1. ## regressions

Suppose that you wish to use a linear regression to predict the dependent variable Y using the dependent variable X1. You collect a scatter plot of points (X1,i ,Yi) and notice that the plot seems to be well represented by a piecewise continuous linear function that satisfies the following conditions: For X1,i<=xo, the appropriate linear model appears to be Y1=a+B1X1,i+E1. However, when X1,1>xo the slope of the applicable linear relationship appears to change to B1+B2. Hint: First, determine the applicable form of the linear model that represents the plot of points (X1,i ,Yi) when X1,i>xo and note that both the slope and Y-intercept of the model will differ from the model applicable to the set of points (X1,i ,Yi) when X1,i<=xo. Now see if you can devise a way to combine these two linear relationships into a single multiple regression model by using the indicator variable X2,i where X2,i= +1 if X1,i >xo and X2,i=0 otherwise

a. There is no way to combine these two linear relationships into a single multiple regression. You should instead run each regression separately as simple regressions.
b. The combined model is: Y1= a + B1 X1,i + B2 X1,i X2,i + Ei
c. The combined model is: Y1= a + B1 X1,i + B2 (xo - X1,i) X2,i + Ei
d. The combined model is: Y1= a + B1 X1,i + B2 (a - xo - X1,i) X2,i + Ei
e. The combined model is: Y1= a + B1 X1,i + B2 (X1,i - xo) X2,i + Ei

2. I started to read this yesterday but I immediately saw y and x both dependent?
and don't you mean X1,i>xo not X1,1>xo?
You need to type this more carefully.

This is just curve fitting, not stats.
You want to incorporate both models using an indicator function $x_2$.

You want $y=a+b_1x_1$, when $x\le x_0$

and you want $y=a+(b_1+b_2)x_1$, when $x>x_0$, don't worry about the $\epsilon$.
But, I'm concerned about using the same y-intercept here, a.

BUT it is the same a.
When $x_1=0$, we have the same intercept.
So I would go with (b).

3. Thank you, and sorry about the typos. You have been a big help.

4. Hey guys, I am actually trying to find an answer to this exact same question as well. I messaged matheagle earlier, sorry for the confusion.
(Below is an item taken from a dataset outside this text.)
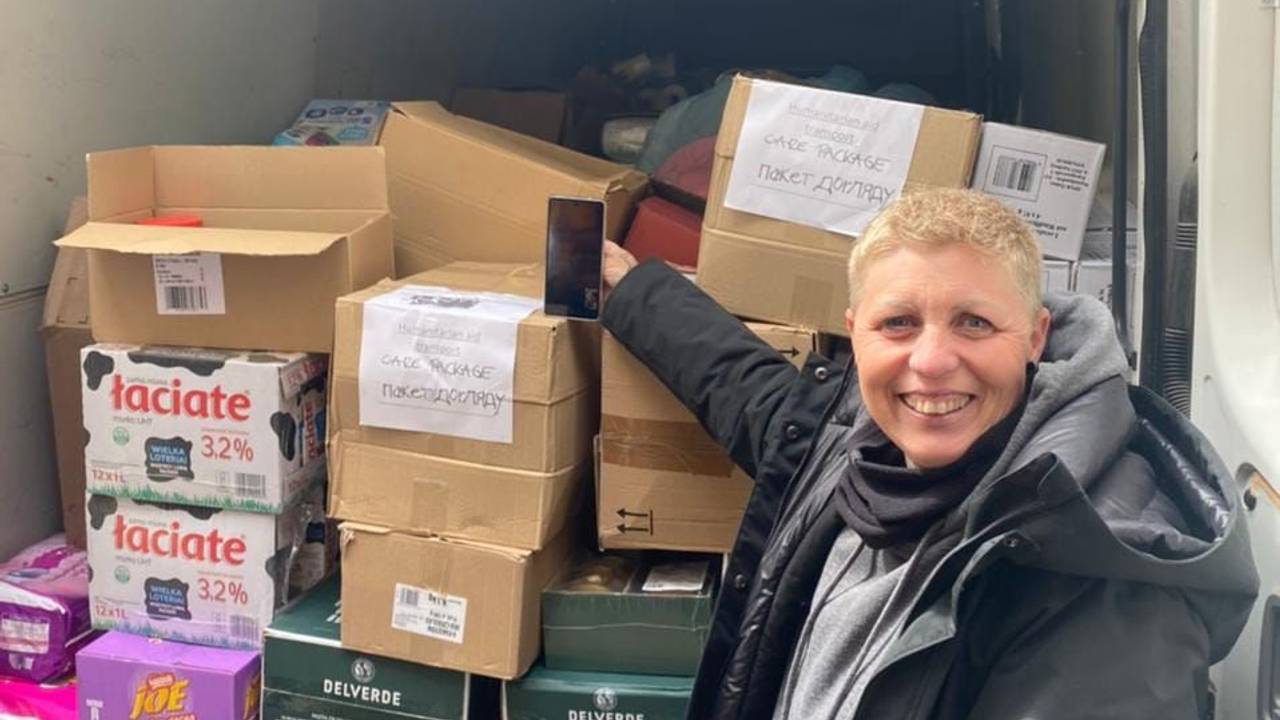 Eine Frau steht neben einem mit Kisten beladenen Transporter.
It appears as if btnh and I are doing a similar assignment... Any help on this problem is appreciated.

5. B2 can be anything that means that the two slopes are completely different say m=B1+B2, but the a is a problem.

we have y=a+B1x for x<x0 and y=a+mx for x>x0 and these two different a's should not be the same.
However if x0>0 then the intercept is in the first region.

I feel that.... b. The combined model is: Y1= a + B1 X1,i + B2 X1,i X2,i + Ei
will estimate both B1 and B2 properly but I doubt it will estimate a correctly in both cases.

There is one real way to do this.
I can run a regression on b-e, but that means I need to this each equation via matrices $\hat\beta=(X^tX)^{-1}X^tY$.

6. Yes that is true. However, does the model's ability to estimate alpha properly affect the solutions? I don't know if that matters and would cause a difference? I guess I am torn between 'A' and 'B'. However, 'A' simply says that the relationships can't be combined, but I'm not sure that this is true. 'A' or 'B'...that is the question...

7. Also, it seems that 'E' could be an answer as well. If you contruct a basic math model and plug in values, 'E' gives numbers that could very well be correct. What do you think matheagle?

8. I'm still leaning towards
b. The combined model is: Y= a + B1 X1,i + B2 X1,i X2,i + Ei
When X1 is less than x0, then X2 is zero and the model reduces to
Y= a + B1 X1,i + Ei
and when X2 is 1, we have
Y= a + B1 X1,i + B2 X1,i + Ei =a + (B1 + B2) X1,i + Ei
and what I'm not sure, but my guts say that (b) is right since
a is the same intercept in either case.
FOR if X1=0 we get the SAME intercept, a.